I write for myself. Sure, a particular piece might have an imaginary target audience, but at the end of the day the purpose of every piece I write is inherently selfish. The idea of practicing such an unashamedly selfish act on a regular basis is something I’m exploring in my Why I Write piece, so I don’t want to spend too much time on it here. But the point remains that writing is my favorite way of making sense of the world, and this sense is mine alone. Now of course the beauty of written word is that it allows us to share my ideas with other people, and for them to share with me, but these ideas are inherently personal ideas. Since I write for myself, the sense I make is, at its core, for me.
As a result of my self-seeking orientation in writing, I like to pretend I don’t care about how I present myself as a writer or who my audience might be. But as much as I enjoy pretending, when I catch myself in a moment of pure honesty I can admit the importance with which I consider the image I present. I want my reader to connect with this image and find a piece of it in him or herself. I want my reader to question the world as I question the world, to be honest and sarcastic as I am honest and sarcastic, to reflect as I reflect. In order to establish this connection, I need to present myself as a writer in the most honest way I can: through brutally transparent reflection. In being honest, I have to acknowledge every part of who I am. I cannot hide the engineer, the Californian, the skeptic, the writer, the Christian, the sassy, loving, be-there-at-four-in-the-morning friend and be honest at the same time. By being honest, I can make sense of my world. By being honest, I can help my reader who might not be able to sympathize to at least empathize. By being honest, I can reach an audience of people willing to listen. Because I write for myself, my initial audience is just me. But when I expand that audience, it can include my peers, my family, or even people I haven’t met (and will never meet).
But I feel like all of this is more of a mission statement for my work as a whole. (I do tend to have a penchant for the melodramatic.) These are all ideas that I want to tie into all of my work, my ePortfolio included. I want my work to be distinctive, not falling over itself in an attempt to be cool and unique, but bearing the distinctive mark of my personality. A friend once described my style as “casual grace,” and this is the style I want to emulate in my ePortfolio.
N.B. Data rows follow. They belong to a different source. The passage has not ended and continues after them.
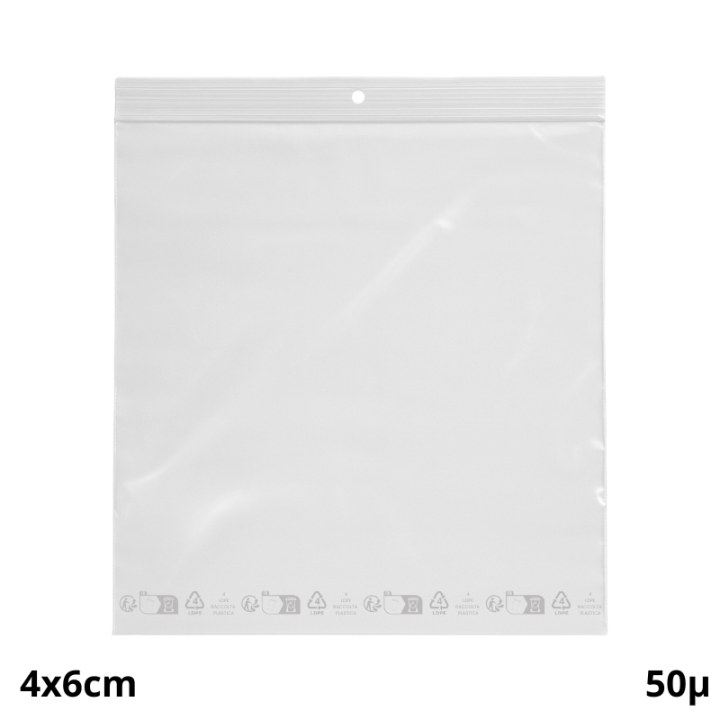 1000 sachets plastiques Zip 40x60 mm avec trou de suspension DIFFORT DIFFUSION - 1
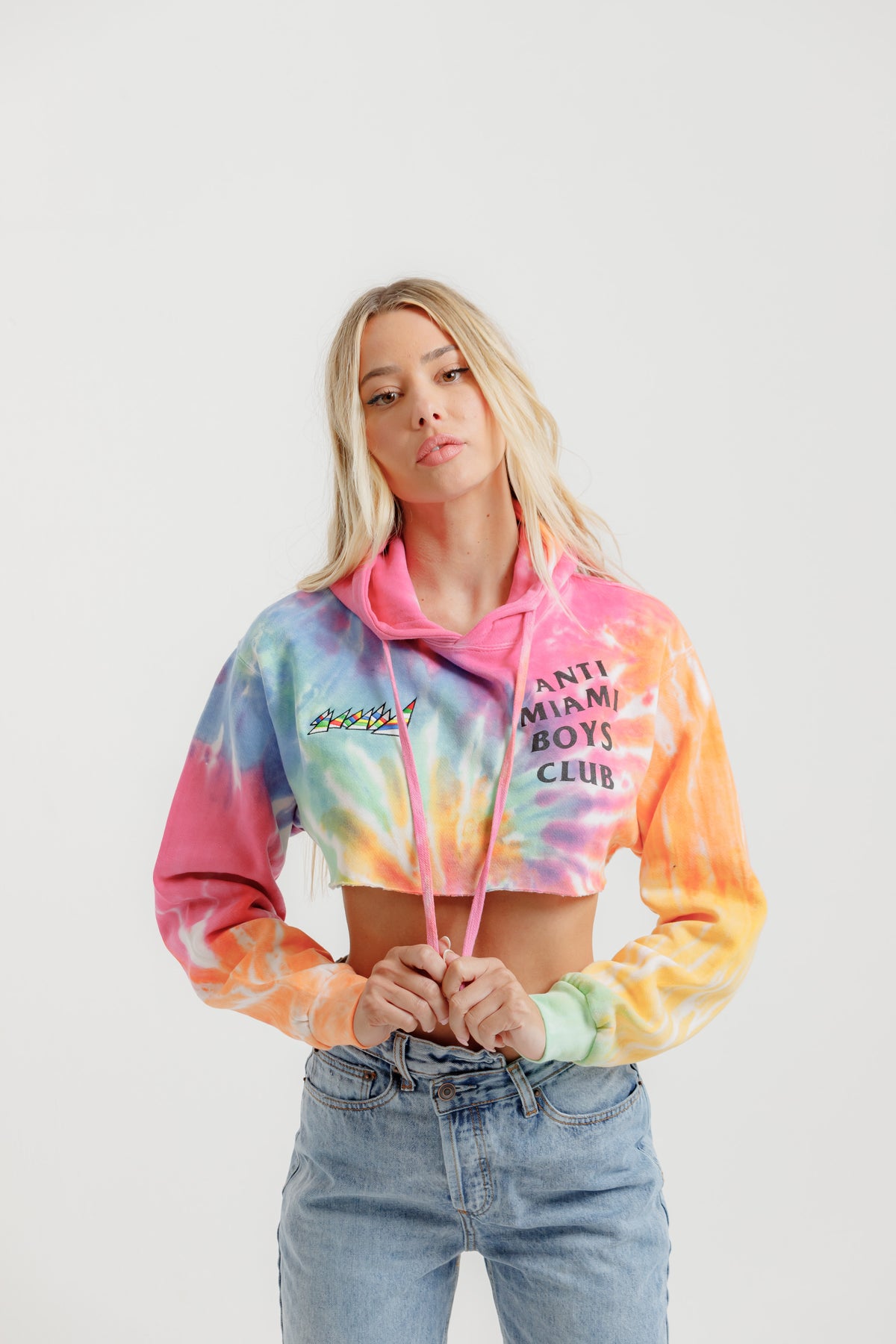 Crop top hotsell hoodie rainbow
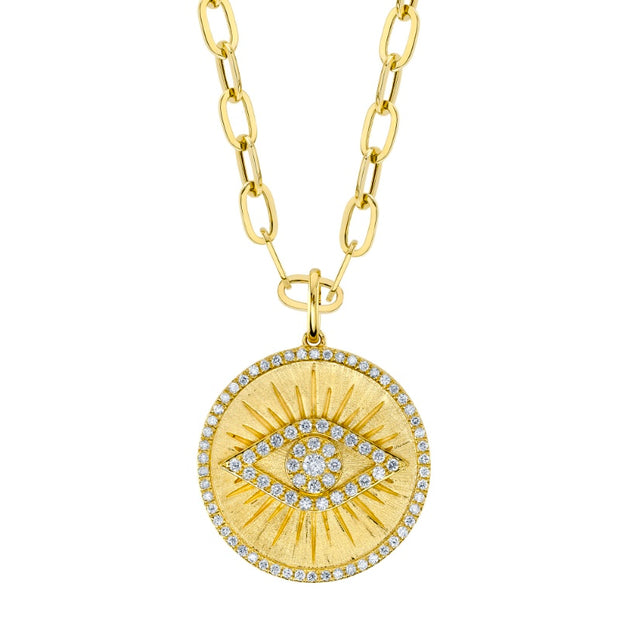 Shy Creation Yellow Gold "Evil Eye" Diamond Fashion Pendant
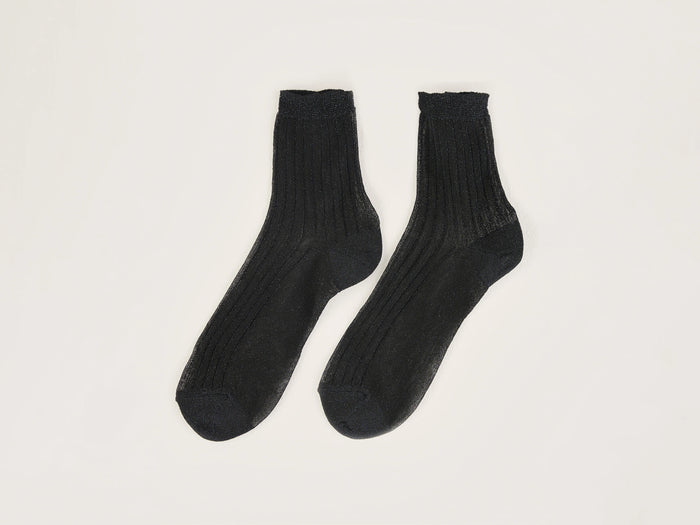 Bellerose Chaussettes courtes bleues métalliques pour femmes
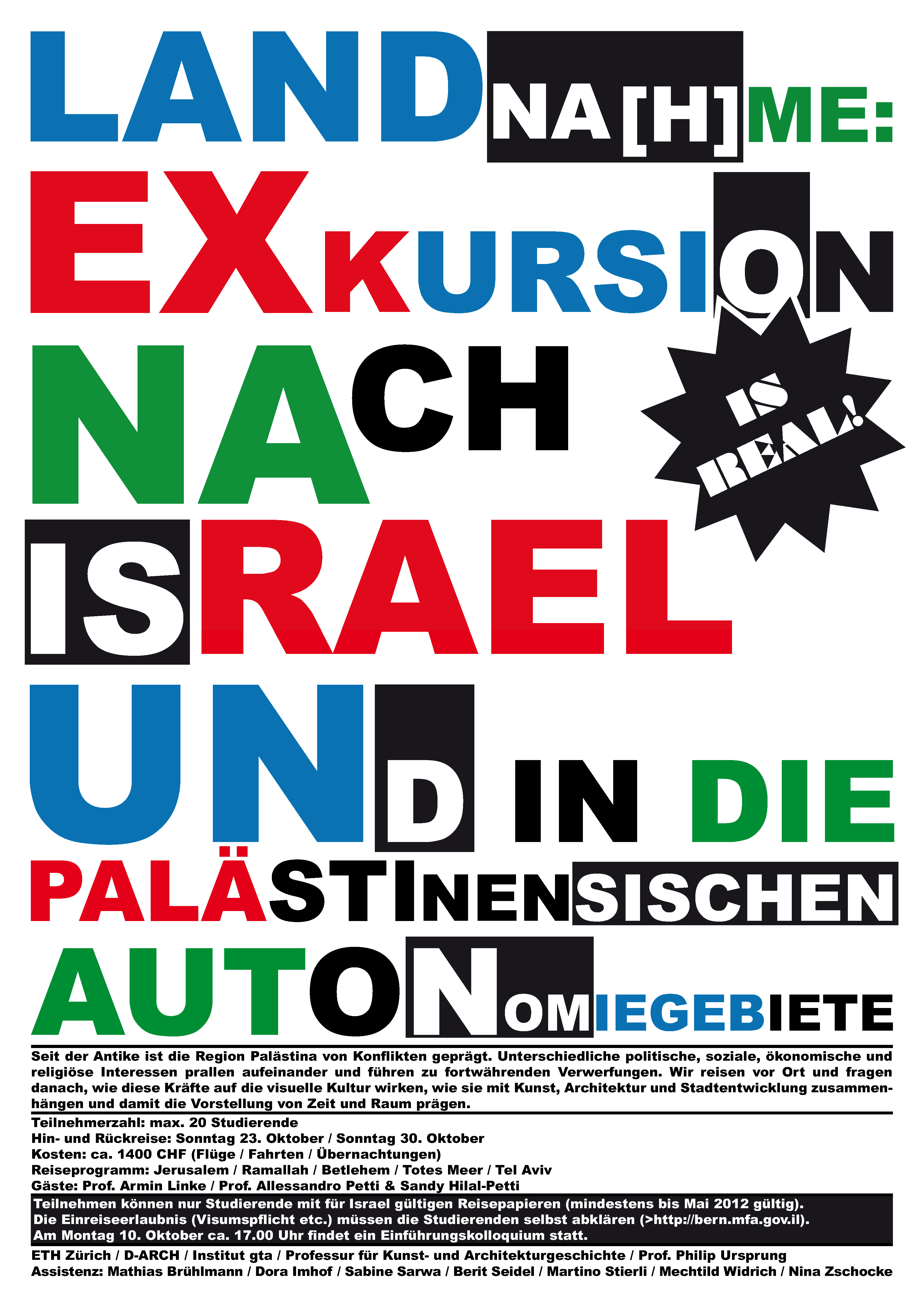 Poster for the Seminar Week to Palestine and Israel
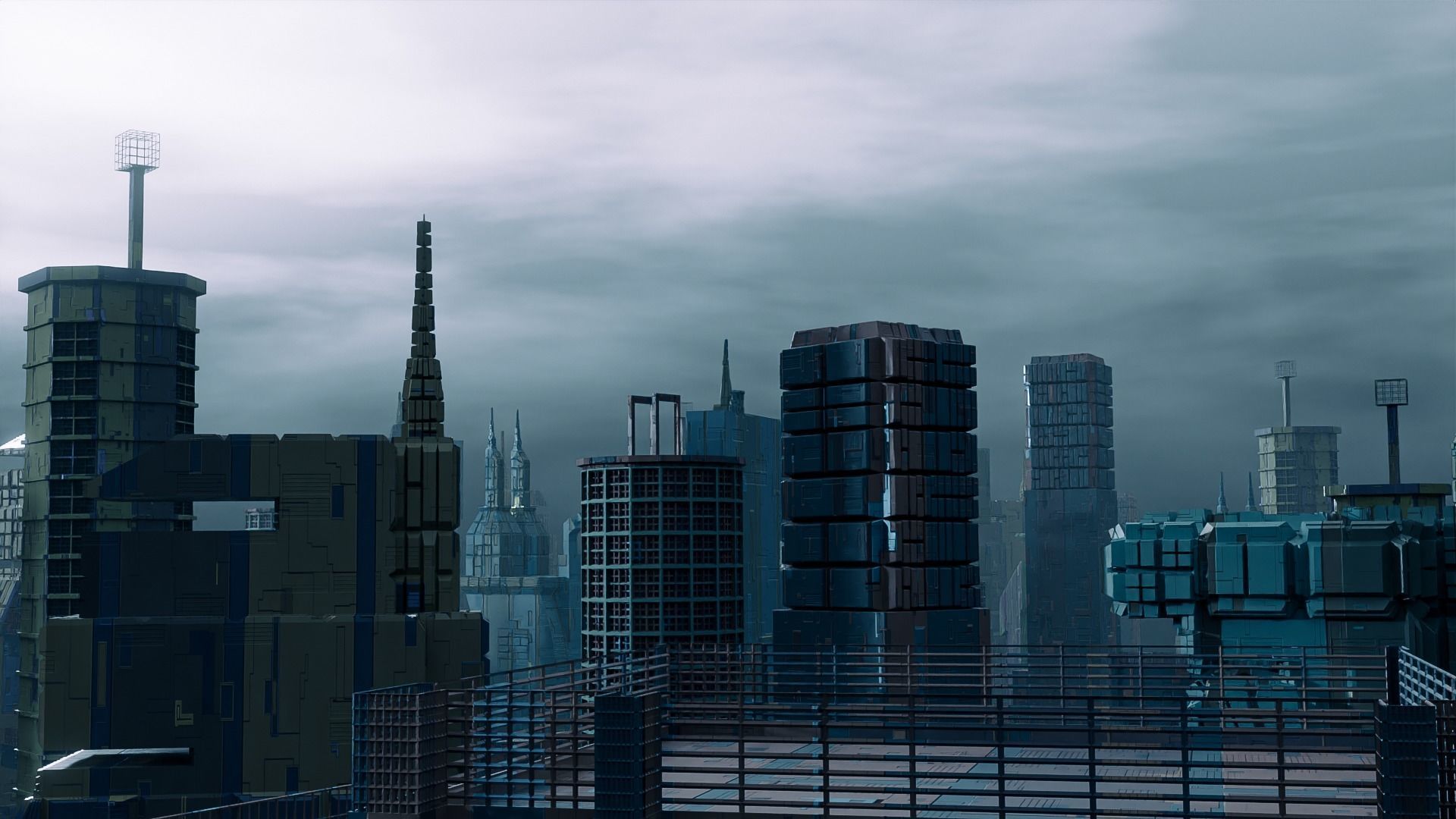 15 Sci-Fi High Detail Building with city Generator 3D model_5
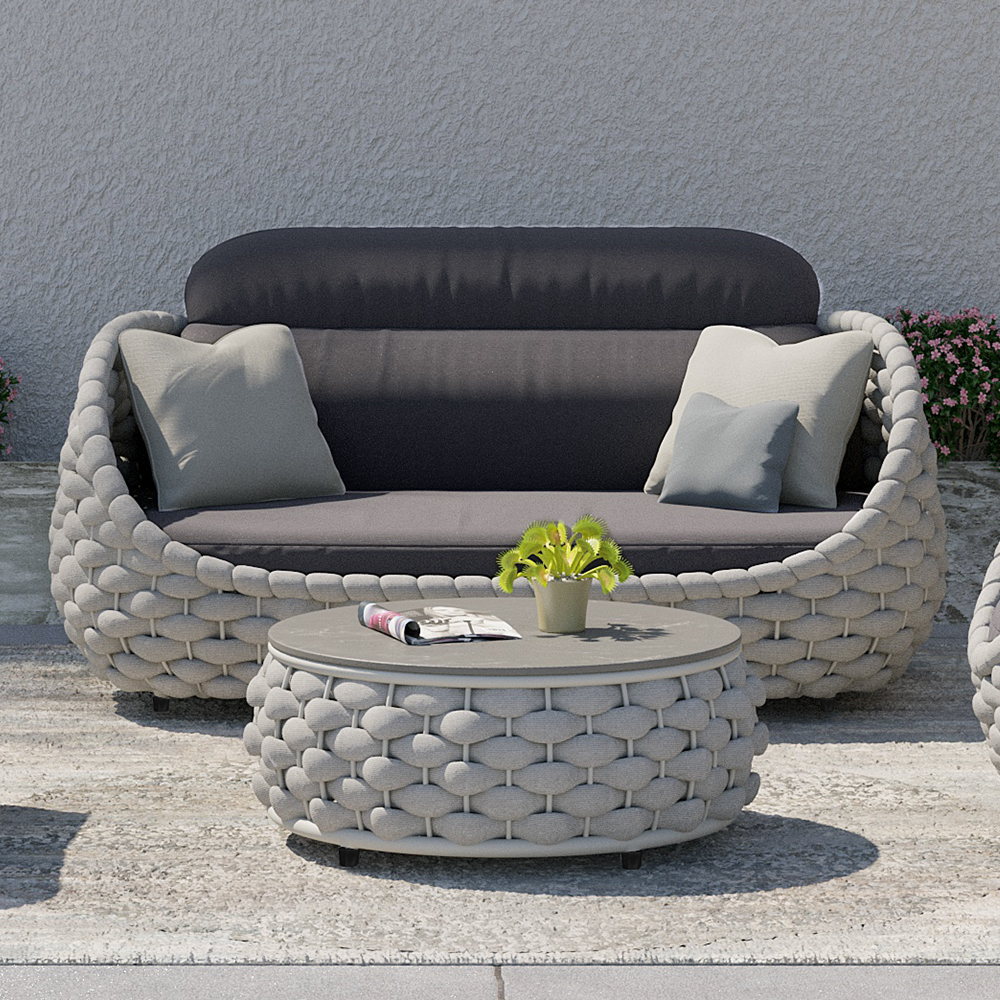 3 Seater Modern Woven Textilene Rope Outdoor Sofa with Removable Cushion Pillow in Grey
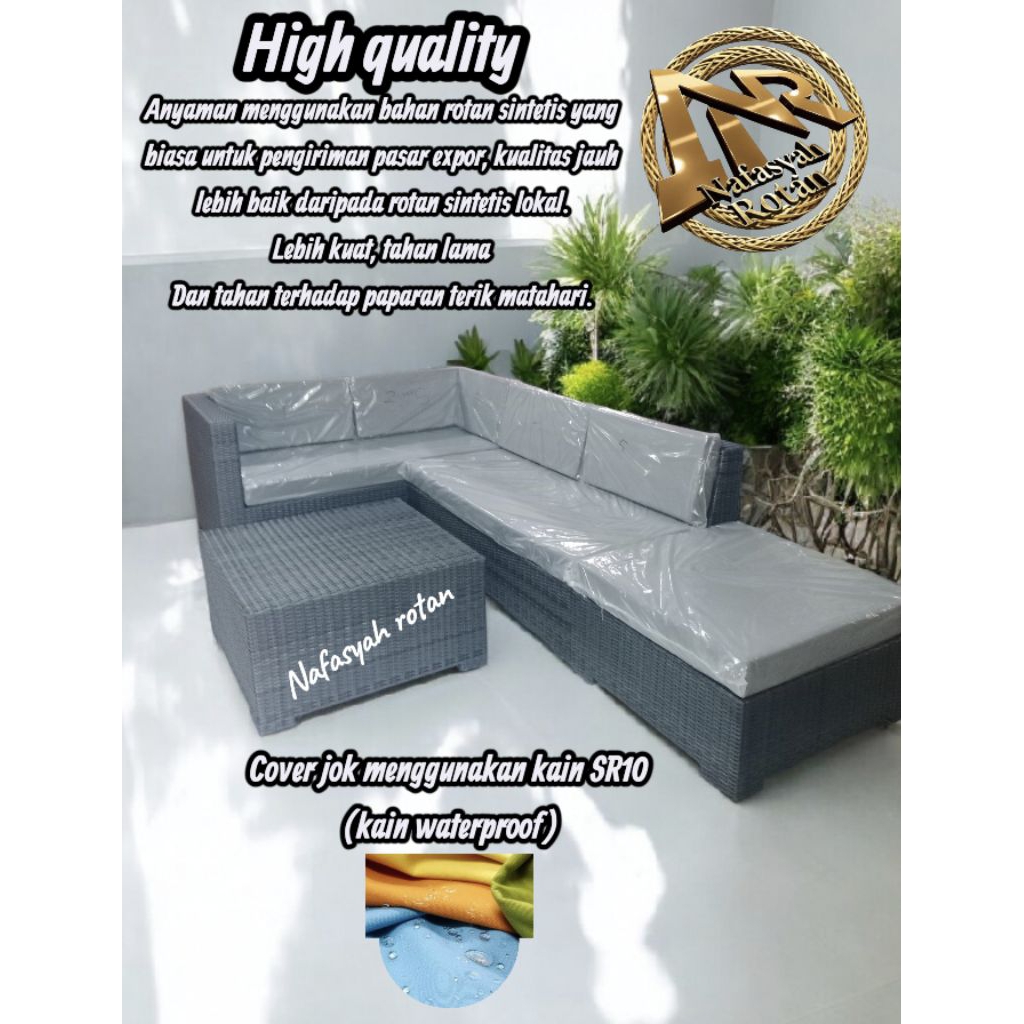 sofa L rotan sintetis + kursi ottoman, rotan sintetis original expor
The look and feel I’m going for with this collection of work is a little bit Pacific Northwest hipster along with a taste of East Coast prep and a dash of California gurl. I want the ePortfolio to be accessible and interactive, since the best way to connect to reflection is also reflection. I definitely want the space to be a multimedia space, so my reader gets the chance to experience a taste of how my brain works: reading a phrase and thinking of song lyrics, conceiving an idea and tying it to movie scenes or memes, making connections right and left. If you haven’t gotten it yet, I’ll make it obnoxiously clear: I want to use my ePortfolio to make connections. At the end, that’s what it’s all about for me, and what I want to make it about for my audience.